3. Hardware and firmware
To capture thermal images, we used FLIR Lepton 2.5 thermal camera, which was used by Arribada Initiative to create thermal image dataset. For running inference I chose STM32F767ZI microcontroller with 216 MHz system clock, 2 MB of flash and 512 KB of RAM. Using such powerful microcontroller guaranteed us that we would be able to fit a model in the memory and run it as fast as possible.
However, such high performance comes with a large current consumption, STM32 was reaching over 125 mA during inference. As we did not want both the thermal camera and STM32 microcontroller running all the time we needed another microcontroller which could turn them on and off. For that, we used NRF52840 microcontroller, which has a low current consumption during sleep state and is ideal for monitoring the whole system. The block diagram of the system can be seen below, for wireless communication module we used LoRa transceiver LR1110 chip.
General sequence of elephant detection is seen on the figure below.
A large part of this thesis was concerned with porting TensorFlow for Microcontrollers to the libopencm3, our platform of choice.

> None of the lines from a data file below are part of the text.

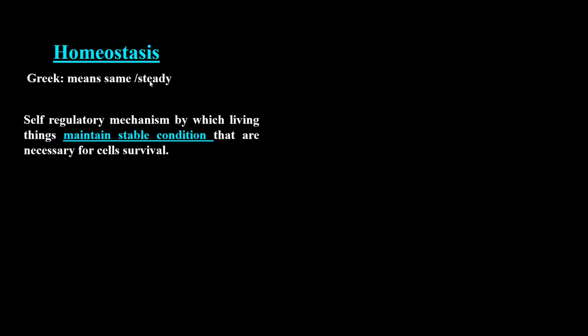Homeostasis means same or steady, and this is a self-regulatory mechanism by which biological systems of all living things maintain stable conditions that are necessary for survival.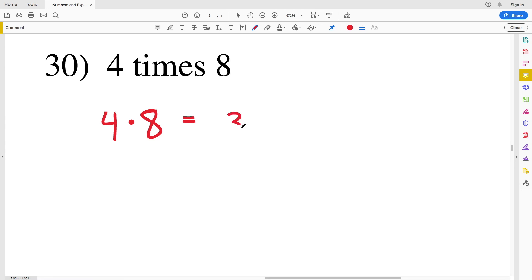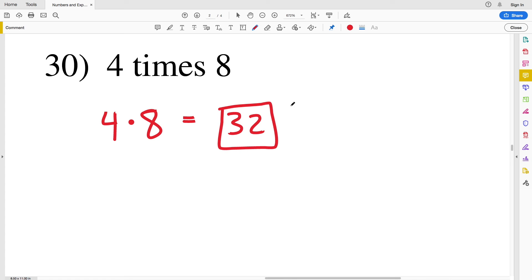Hopefully you were able to do numbers 25 through 30 mentally. If not, I recommend going back and practicing simple addition, subtraction, multiplication, and division, because getting better at mental math will help you in later math classes — you'll solve problems faster and won't always need a calculator. If you have any questions, please leave them in the comments below, and don't forget to like, subscribe, and share.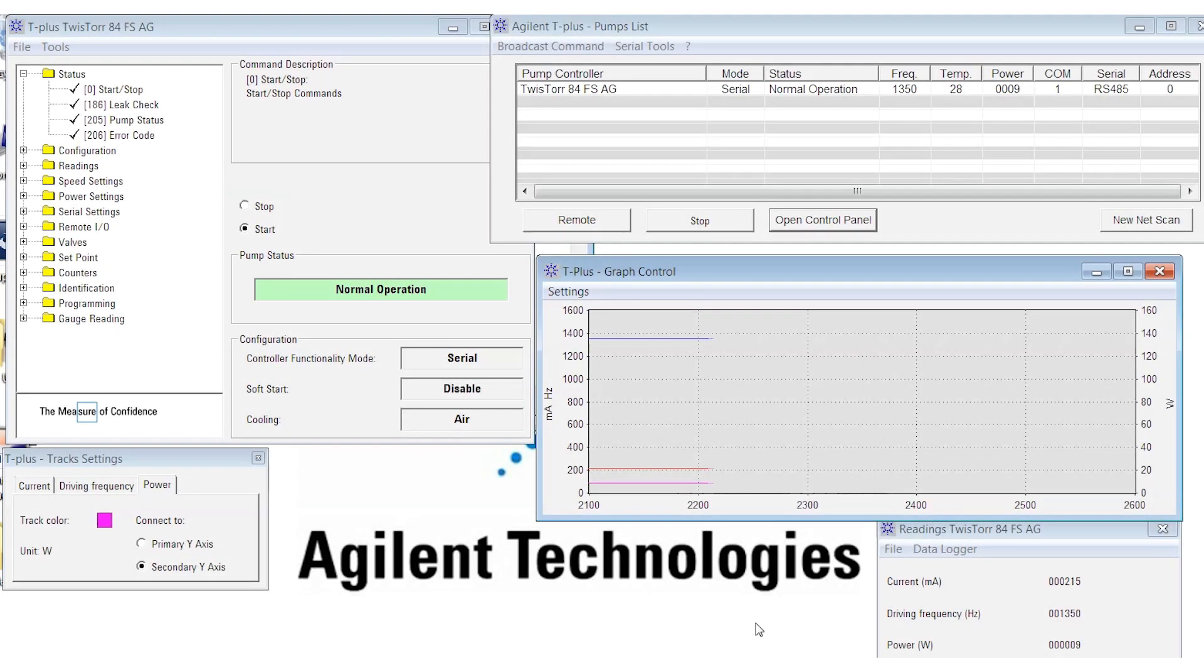Okay, so now we can see in real time what's happening to the pump in terms of power, current, and temperature.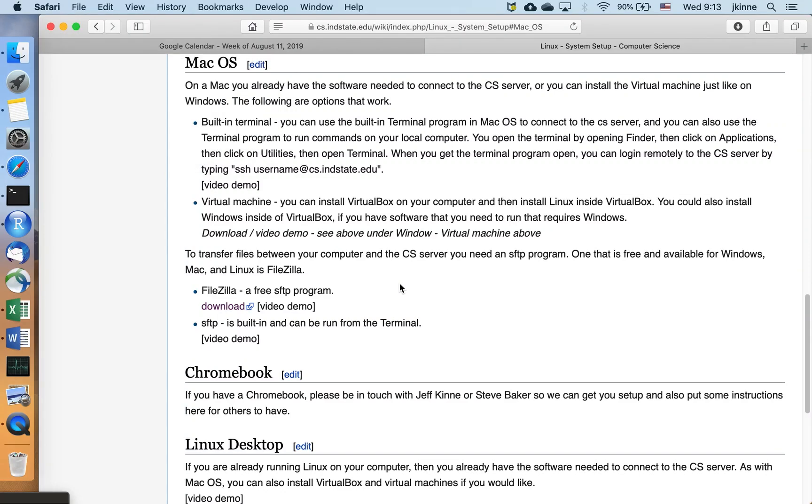Hello, we're giving a short video here just showing how you would install FileZilla on a Mac. FileZilla is a program that allows us to transfer files between our computer and a server.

During this process, we developed a small project that we named MicroML. MicroML enables users to develop ML applications on microcontrollers supported by libopencm3.

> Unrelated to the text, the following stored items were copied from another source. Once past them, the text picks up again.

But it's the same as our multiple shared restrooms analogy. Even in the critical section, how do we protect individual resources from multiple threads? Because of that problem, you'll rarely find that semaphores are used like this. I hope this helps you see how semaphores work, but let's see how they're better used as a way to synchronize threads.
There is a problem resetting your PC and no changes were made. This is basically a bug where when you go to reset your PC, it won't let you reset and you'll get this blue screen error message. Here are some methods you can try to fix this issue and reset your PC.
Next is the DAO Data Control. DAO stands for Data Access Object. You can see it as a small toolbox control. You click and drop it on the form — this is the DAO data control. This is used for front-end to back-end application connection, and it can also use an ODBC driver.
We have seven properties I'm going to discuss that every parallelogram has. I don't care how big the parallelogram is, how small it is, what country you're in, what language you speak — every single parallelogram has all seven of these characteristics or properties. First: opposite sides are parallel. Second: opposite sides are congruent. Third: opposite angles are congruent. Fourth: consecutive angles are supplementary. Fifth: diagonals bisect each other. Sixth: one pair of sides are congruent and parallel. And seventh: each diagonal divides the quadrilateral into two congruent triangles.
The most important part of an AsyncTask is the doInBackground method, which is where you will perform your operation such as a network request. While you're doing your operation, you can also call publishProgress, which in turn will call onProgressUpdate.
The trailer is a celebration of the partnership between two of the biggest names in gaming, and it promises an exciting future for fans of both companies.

NRF52840 microcontroller firmware was developed with the help of Zepyhr RTOS.
We saw that we could train CNN models with an accuracy as high as 98.04 % and we saw that models trained with the Transfer Learning technique reached 98.7 % without much additional work. We ran each trained model on the STM32 and measured its inference time. From the results, we saw that reaching an inference time below 200 ms is not hard if special care is devoted to the low number of parameters and correct microcontroller optimisations.

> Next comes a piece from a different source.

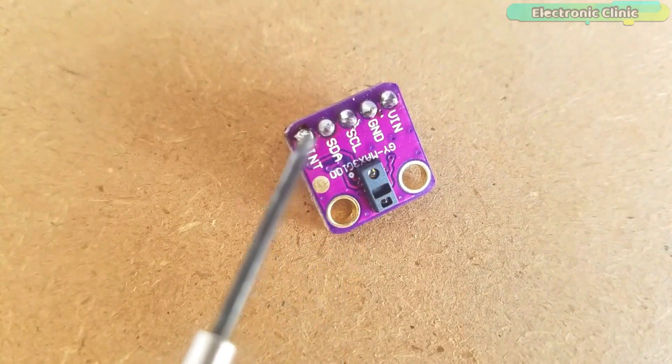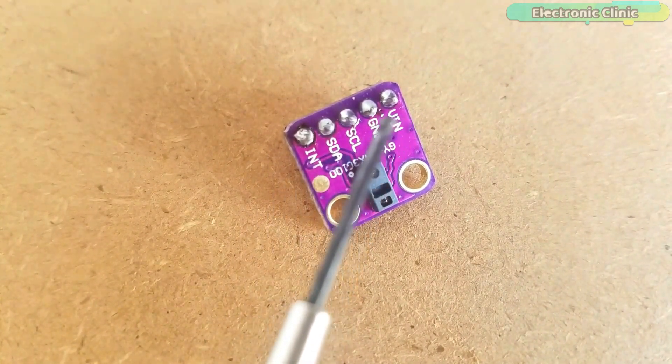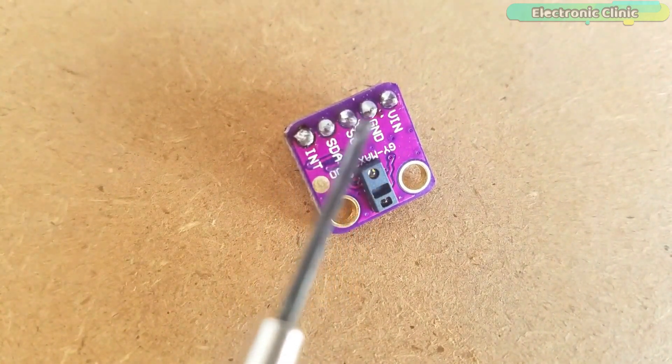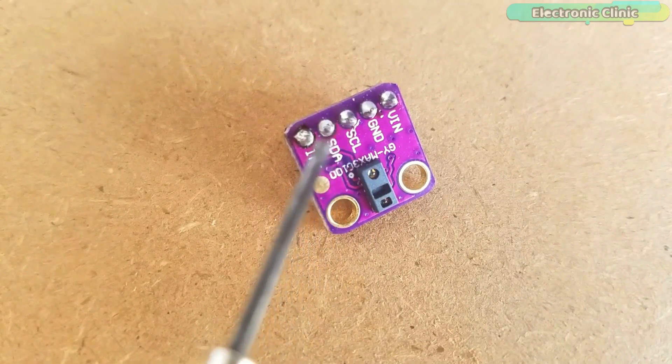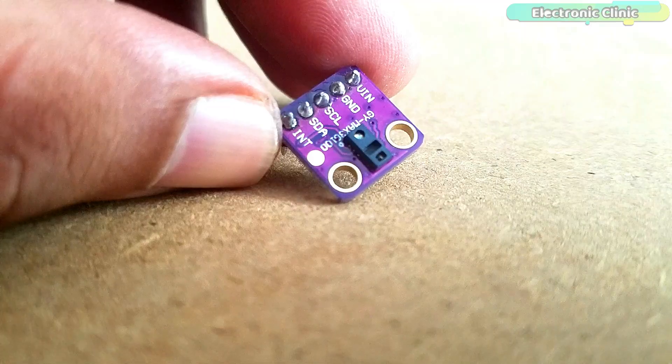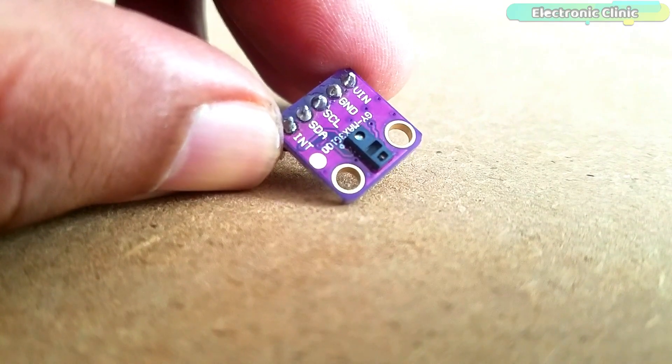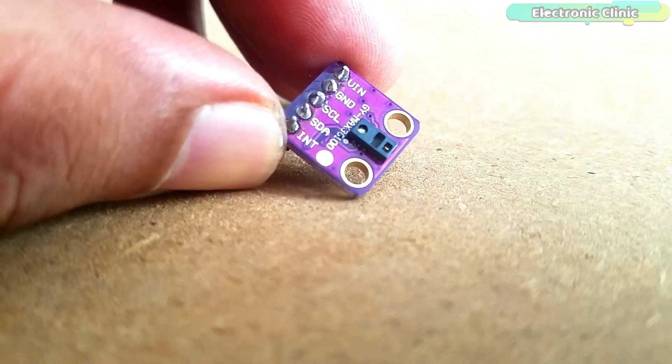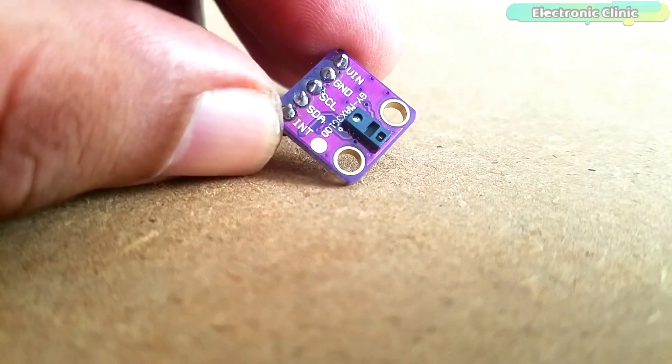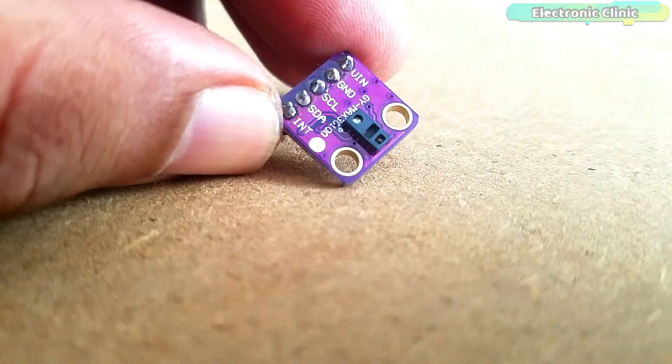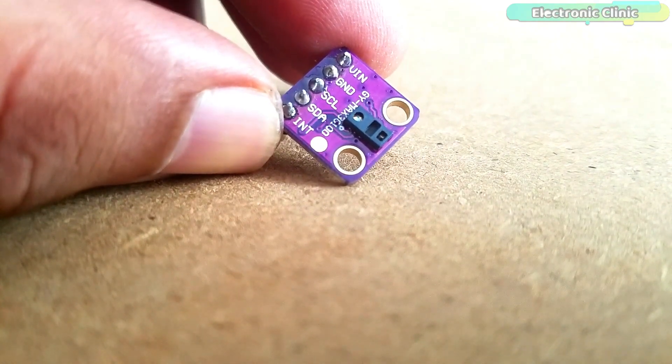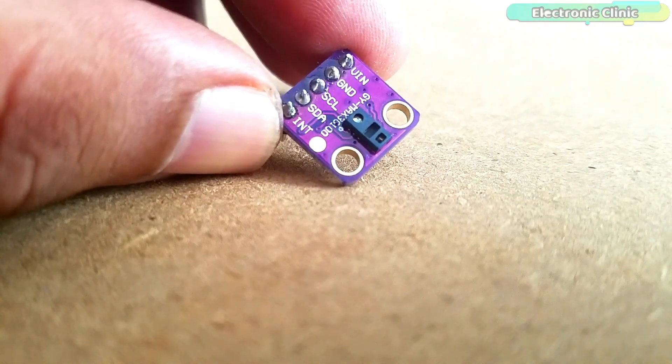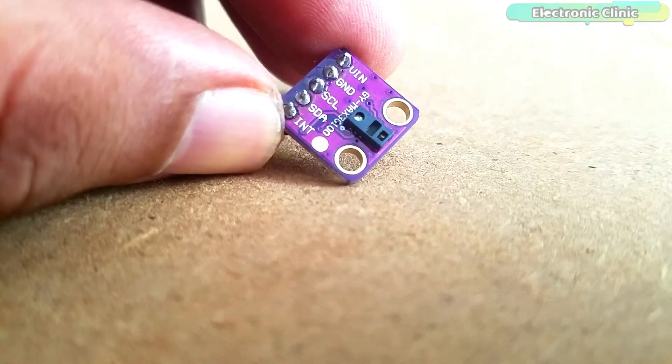As you can see clearly, the GY-MAX3100 pulse oximeter has a total of 5 male headers which are clearly labeled as VIN, GND, SCL, SDA and INT. This is an I2C supported sensor and communicates with the Arduino board through I2C communication bus.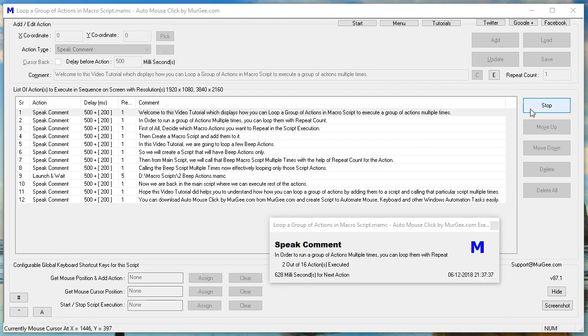In order to run a group of actions multiple times, you can loop them with repeat count.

We also evaluated the performance of the embedded system from the battery lifetime perspective and we saw promising results. Assuming that our system would have to process 600 events per day, while connected from 6 battery cells, we estimated the lifetime of the system would be around 10 months.
This thesis shows that the field of Machine Learning on embedded devices has reached a point where it is viable enough to use it in real-life applications. Running inference directly on the embedded device can provide instant feedback and can extend the device’s lifetime, as data do not need to be sent to the server for processing. Many use cases from the Animal Conservation field would benefit from such technology, as there is a need for the embedded devices that require minimal manual care and can provide big value for their cost.
Machine Learning on the embedded devices is opening doors to various, wonderful applications that were not possible a few years ago. We can see that there is already a demand for intelligence for devices on the “edge” and we expect it to increase as the field matures.
It is quite possible that future embedded engineers would require some amount of Machine Learning knowledge to stay competitive and interesting to the market.